Sesampai di sana Raden Bagus Asra dan rombongan diterima dan tinggal di rumah Patih Wiropuro atau Ki Patih Alus.

     “ Ibu apa kita akan selamanya di sini,? Tanya Raden Bagus Asra sedih

    “Tentu tidak, kalau sudah aman kita akan kembali ke Sumenep," kata Nyi Demang , yang membuat Raden Bagus Asra tenang. Nyi Sedabulangan sedang berbicara kepada patih Wiropuro. Mereka mendapat kabar bahwa raja Adikoro meninggal, terbunuh oleh Ke Lesap. Nyi Sedabulangan sangat sedih, ia menangis terisak-isak. Melihat nenek yang sangat menyayanginya sedih, Raden Bagus Asra ikut menangis . Ia merasa sangat kehilangan kakek yang sanyat ia hormati dan banggakan. Sejak saat itu keluarga ini menetap di Besuki.

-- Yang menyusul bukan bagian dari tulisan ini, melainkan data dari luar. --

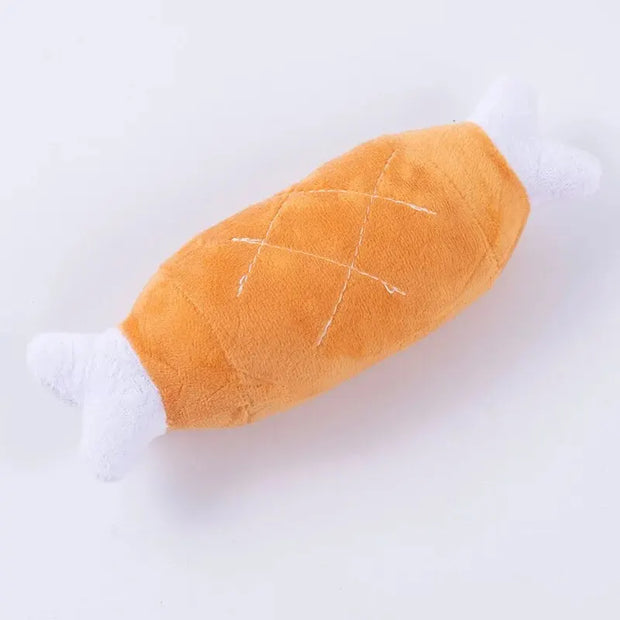 Durable Dog Cat Chew Toy
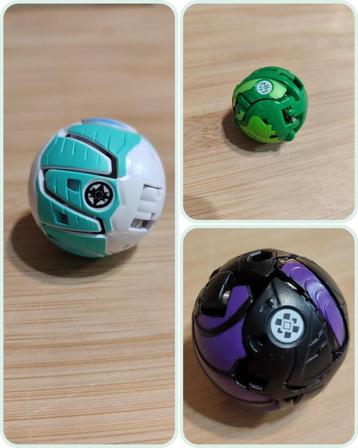 Bakugan  beschikbaar voor biedingen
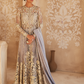 WISTERIA | Suffuse Aab-e-Zar Luxury Wedding Collection 2020 | Unsttiched Embroidered Embelished Bridal Suits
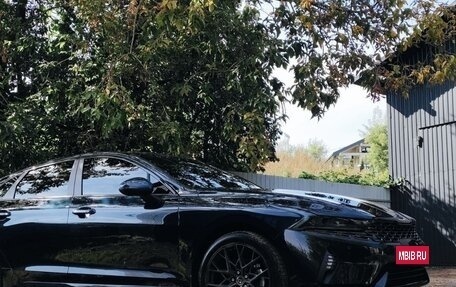 KIA K5, 2021 год, 2 799 999 рублей, 6 фотография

             Raden Bagus Asra  belajar tentang ilmu kanuragan juga agama islam. Ia belajar dengan tekun, setiap pelajaran diulangi hingga memahami dengan baik. Raden Bagus Asra adalah anak yang cerdas dan terampil, ia menguasai semua ilmu yang diajarkan oleh Patih Wiropuro.  Melihat hal ini bupati Besuki sangat bangga .

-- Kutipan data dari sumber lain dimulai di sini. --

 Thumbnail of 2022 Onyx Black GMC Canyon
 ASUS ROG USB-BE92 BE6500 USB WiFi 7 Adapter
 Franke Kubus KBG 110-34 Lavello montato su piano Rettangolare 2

            “Patih Wiropuro, aku ingin mengangkat anak Bagus Asra,”kata Bupati Besuki

            “Baik tuangku, saya sangat gembira dan sangat berterima kasih,” jawab Patih Wiropura dengan hati yang sangat bahagia.  

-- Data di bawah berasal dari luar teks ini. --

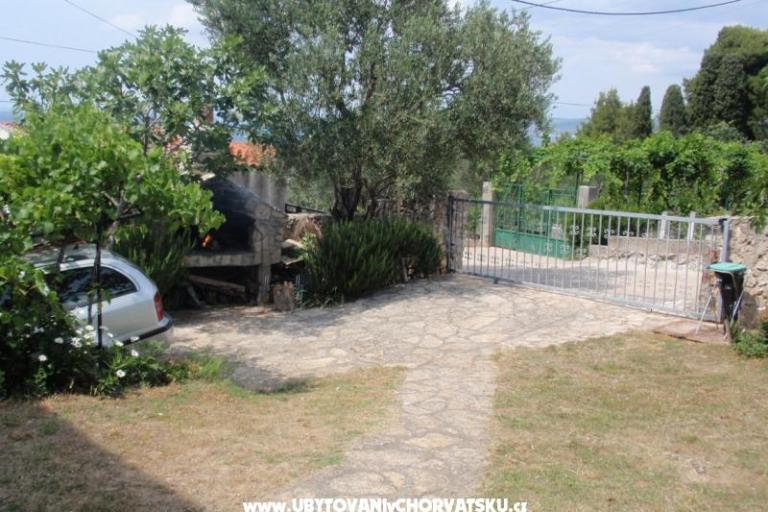 Appartements Micka – foto 15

            Pada usia 17 tahun, Raden Bagus Asra diangkat menjadi Menteri Anom dengan gelar Abhiseka Ngabehi Mas Astrotruno. Bagus Asra juga dinikahkan dengan putri Bupati Probolinggo, Joyolelono yang bernama Roro Sa'diyah. Bupati Besuki ingin memperluas daerah kekuasaan. Ia mengutus Raden Bagus Asra untuk membuka lahan di daerah selatan Besuki yang saat itu berupa kawasan hutan luas yang sangat  lebat. Bupati Probolinggo memberi bekal seekor kerbau putih yang menjadi teman dalam perjalanan ke daerah tersebut. Di hutan lebat itu dihuni kawanan perampok . Raden Bagus Asra terlibat perkelaian dengan perampok saat memasuki kawasan hutan. Raden Bagus Asra berhasil mengalahkan perampok-perampok itu. Bahkan para perampok itu menjadi anak buahnya yang setia dan membantu beliau membuka kawasan hutan tersebut. Di kawasan ini Raden Bagus Asra membangun desa baru. Beliau mengajarkan dan mensyiarkan agama Islam. Lama-kelamaan desa ini menjadi berkembang, banyak pendatang yang menetap dan membuka lahan pertanian, perkebunan, juga beternak.  Hingga desa yang tadi sepi berubah menjadi sebuah kecamatan yang penduduknya terus bertambah. Raden Bagus Asra dan masyarakat  membangun jalan, pasar, jembatan juga tempat-tempat ibadah . Perkembangan ini sangat membuat Bupati Besuki bangga .

            “Anakku Bagus Asra, aku sangat senang melihat perkembangan wilayah ini, oleh karena itu tempat ini sudah layak menjadi sebuah kabupaten,” kata Bupati Besuki

            “ Jadi hari ini saya nobatkan kamu sebagai Bupati daerah ini kusebut Bondowoso,” lanjut Bupati Besuki . Maka sejak saat itu Raden Bagus Asra sebagai Bupati Bondowoso. Bertepatan dengan tanggal 17 Agustus 1819.  Setelah wafat, Raden Bagus Asra dimakamkan di sebuah bukit di desa Sekarputih . Beliau juga dikenal dengan sebutan Ki Rangga.